Jamie Seltzer é diretora Global de MarTech e Estratégia de Dados da Havas, um dos maiores grupos de mídia e publicidade do mundo. Ela afirmou à DINHEIRO que os cookies se tornaram a base do marketing digital há muito tempo e são utilizados em todo tipo de ação, de mensuramento a retargeting — quando aquele produto que você acabou de ver em um site aparece como publicidade em outro. “É algo que se tornou confortável para nós profissionais de marketing”, disse. “Passamos pouco tempo pensando em como continuar ‘conversando’ com nossos consumidores.” Em outras palavras, a primeira transformação será no escopo do profissional do segmento, que será forçado a ser mais criativo.

As discussões no mundo do marketing hoje giram em torno das próximas tecnologias para fazer o que eles fazem. O substituto não deve ser uma coisa só. “Devem aparecer novas formas de fazer o que eles fazem, com outras variáveis”, afirmou. “Estamos em um momento de reflexão sobre que tipo de relacionamentos queremos ter com nossos clientes e como queremos interagir com eles.”

JAMIE SELTZER Diretora global da Havas diz que mudanças vão transformar também o perfil
do profissional de marketing. (Crédito:Derrick Troyer )

Mas se o cookie é tão decisivo, a pergunta é por que os grandes navegadores estão eliminando essa ferramenta. E a resposta é a privacidade. Com os cookies, players de todos os segmentos e tamanhos armazenam seus dados numa quantidade brutal — e ‘descobrem’ suas necessidades e desejos em termos de produtos e serviços para oferecer anúncios de hotéis depois de você fazer busca por voos. Com leis de proteção de dados se espalhando pelo mundo, como a brasileira LGPD, e suas pesadas multas, armazenar esses dados se tornou uma exposição significativa para as empresas.

“Na época em que os cookies surgiram, a discussão sobre privacidade era pequena ou inexistente”, disse Jamie. Hoje, vazamentos de dados preocupam o usuário final. Pesquisa do aplicativo DFNDR Security com 8,6 mil brasileiros, de novembro passado, mostra que três pessoas a cada cinco têm medo de que seus dados sejam vazados ao fazer transações no universo digital.
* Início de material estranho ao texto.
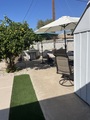 Img 3726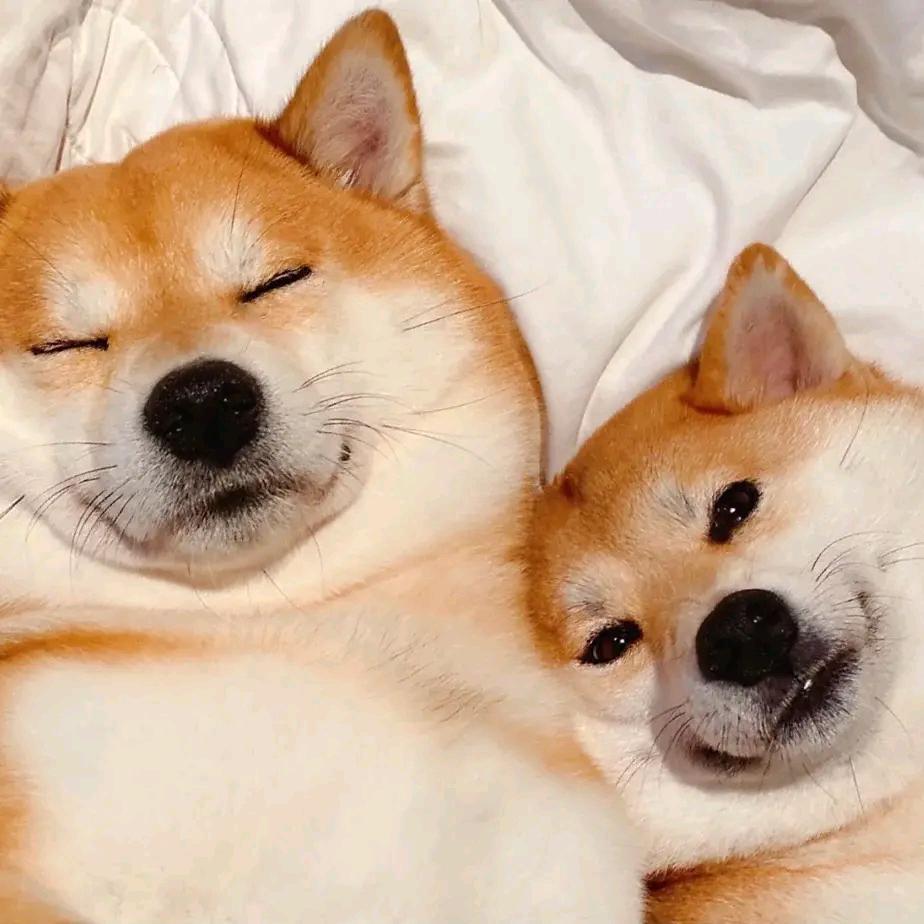 网名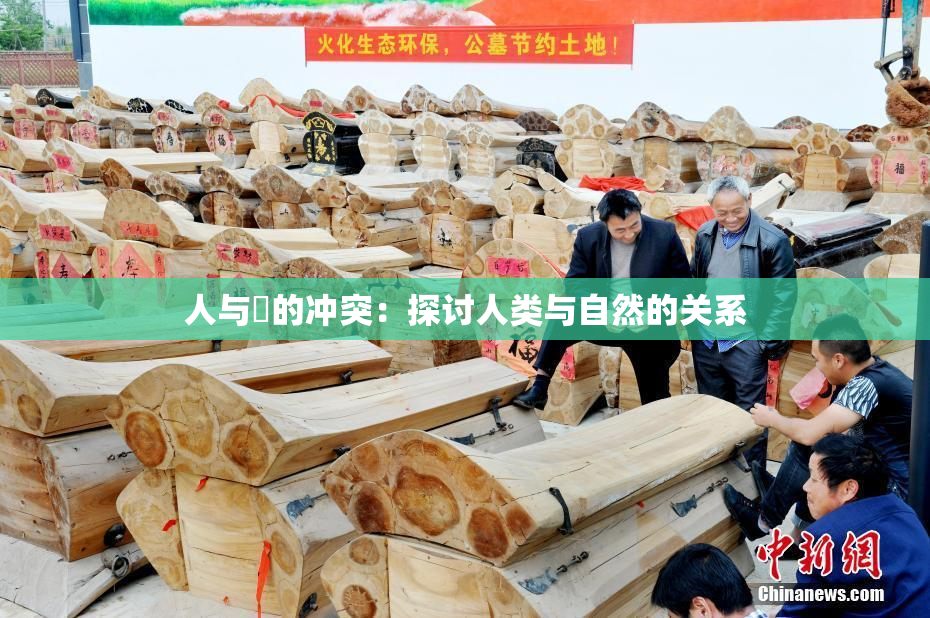人与嘼的冲突：探讨人类与自然的关系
US$ 565 bi tamanho do mercado de publicidade digital em 2022

Sem os cookies, crescem soluções como as de contextual advertising (utilização do conteúdo de um website para veicular uma propaganda correspondente), que estão ficando cada vez melhores com o uso de inteligência artificial e machine learning. Jamie diz que os clientes da Havas estão em uma fase de teste de diferentes táticas, para ver o que funciona e o que não. Na essência, o que o novo consumidor deseja é um papel mais destacado das marcas. Relatório de 2021 da Havas diz 75% das marcas poderiam desaparecer que ninguém iria dar a mínima — 71% acreditam que as empresas não cumprirão suas promessas e apenas 34% dizem que elas são transparentes e comprometidas com o que dizem. Perto desse desafio, o fim dos cookies não é nada.